Certes, les auteures maintiennent les trois niveaux d’analyse lorsqu’elles constatent que «peu d’études se sont penchées de façon systématique sur la relation entre processus physiques, ressenti biophysiologique, expérience vécue subjectivement, et sa remémoration et expression par la parole» (page 5). Le privilège classiquement accordé à l’action reparaît cependant aussitôt qu’elles définissent leur objet de recherche, le tour de main: «chez les experts, les compétences résultent d’une perception fine de la matérialité des objets, d’une imprégnation sensorimotrice, d’une articulation fluide des représentations visuelles et des représentations motrices, d’une inscription des outils dans le schéma corporel, d’une automatisation tantôt « consciente » tantôt « inconsciente », d’une intelligence de la main, ou d’un doigté, du fait d’avoir une bonne main, d’un corps-à-corps avec la matière, d’une relation dynamique entre geste et matière…» (page 6).
On remarque que le seul système sensoriel explicitement mentionné est la vue, via les «représentations visuelles» auxquelles on rapporte traditionnellement la «perception fine de la matérialité des objets». La kinesthésie est présente, mais de manière implicite, dans l’«imprégnation sensorimotrice», les «représentations motrices» et «le schéma corporel». En revanche, rien n’indique qu’une perception (tactile) puisse résulter du «corps-à-corps avec la matière», ni qu’elle puisse contribuer à l’«intelligence de la main», au «doigté» ou à la «bonne main». Les mots «toucher» et «haptique» sont totalement absents de l’article, et «tactile» n’y apparaît qu’une fois à propos du travail de Christel Sola (lire sur notre site «Perceptions et gestes d’artisans: l’excellence tactile»).

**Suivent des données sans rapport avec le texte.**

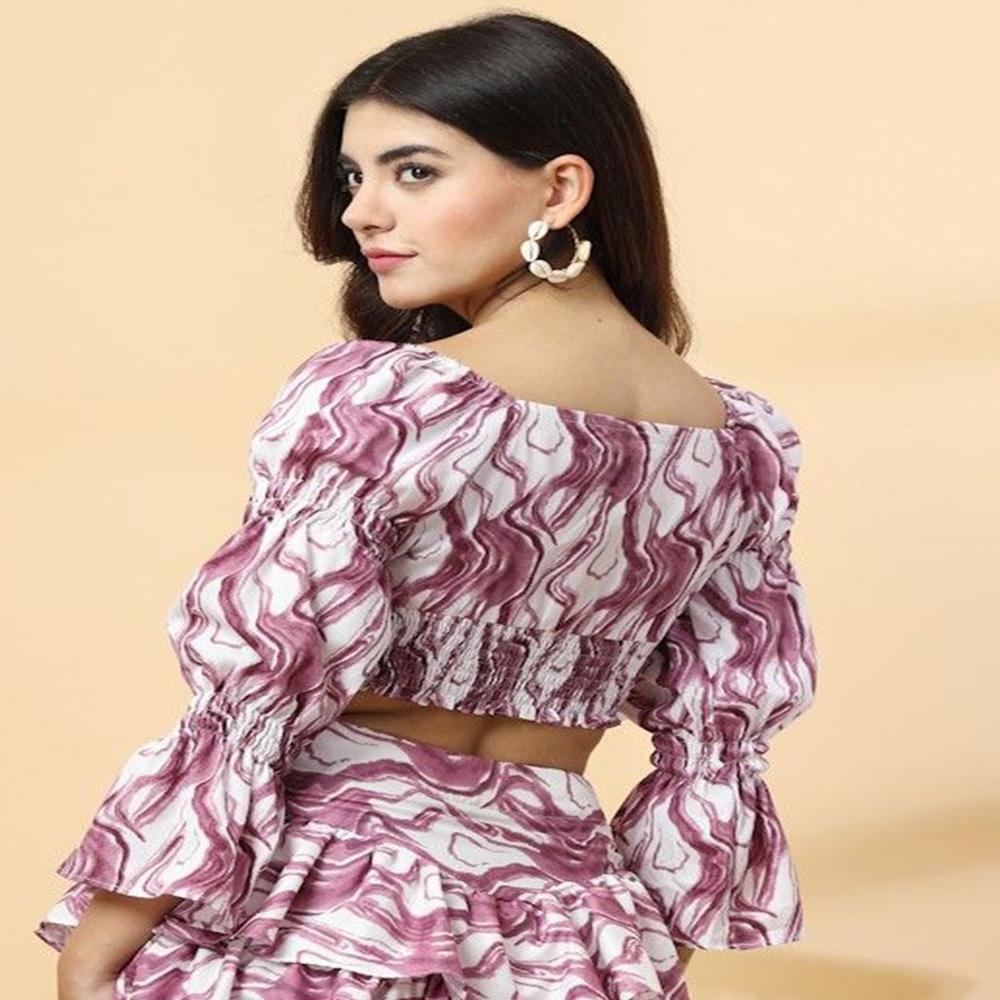 Abstract Print Bell Sleeve Crepe Top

Or les apports les plus intéressants de cette recherche ne sont concevables qu’à condition de supposer un contrôle sensoriel en retour des gestes et de leur impact, auquel participe nécessairement la kinesthésie et le toucher. Elle démontre en effet qu’«un artisan expert n’est pas celui qui a intégré un mouvement spécifique qu’il ne cesse de répéter dans sa pratique, en revanche il est celui qui maîtrise l’efficacité de sa gestuelle, dont la forme peut présenter une grande variabilité. Autrement dit, il s’est approprié des « principes de fonctionnement » de la technique et il est donc capable, dans toute situation et en présence de n’importe quelle perturbation pendant l’exécution de créer un geste approprié au but à atteindre» (page 20). En somme, «le plus haut degré d’habileté repose sur la capacité de flexibilité du savoir-faire, […] permettant de s’adapter à toutes formes de situations nouvelles, qu’elles aient trait au produit fini ou à l’environnement» (page 23). Qu’est-ce donc qui rend possibles la prise en compte des «perturbations», la «maîtrise» et l’«appropriation» de la gestuelle, la «flexibilité» et l’«adaptation» du savoir-faire, sinon les perceptions (kinesthésiques, tactiles et visuelles)?

Malentendu sur le rôle du langage

Les mêmes pages 5 et 6 accumulent les formulations mettant en cause «l’inadéquation du langage et des formes discursives qui en découlent»: «l’utilisation des entretiens avec les artisans ou praticiens est particulièrement malaisée dans le domaine des techniques du corps», «les tours de main relèvent d’une connaissance dont il est très difficile voire impossible de rendre compte à travers la parole», ou encore «le langage semble particulièrement dépourvu devant les pratiques corporelles». Et les auteures d’incriminer le «manque de vocabulaire», les «locutions générales, très approximatives et métaphoriques», le «recours courant aux métaphores et locutions imagées», etc.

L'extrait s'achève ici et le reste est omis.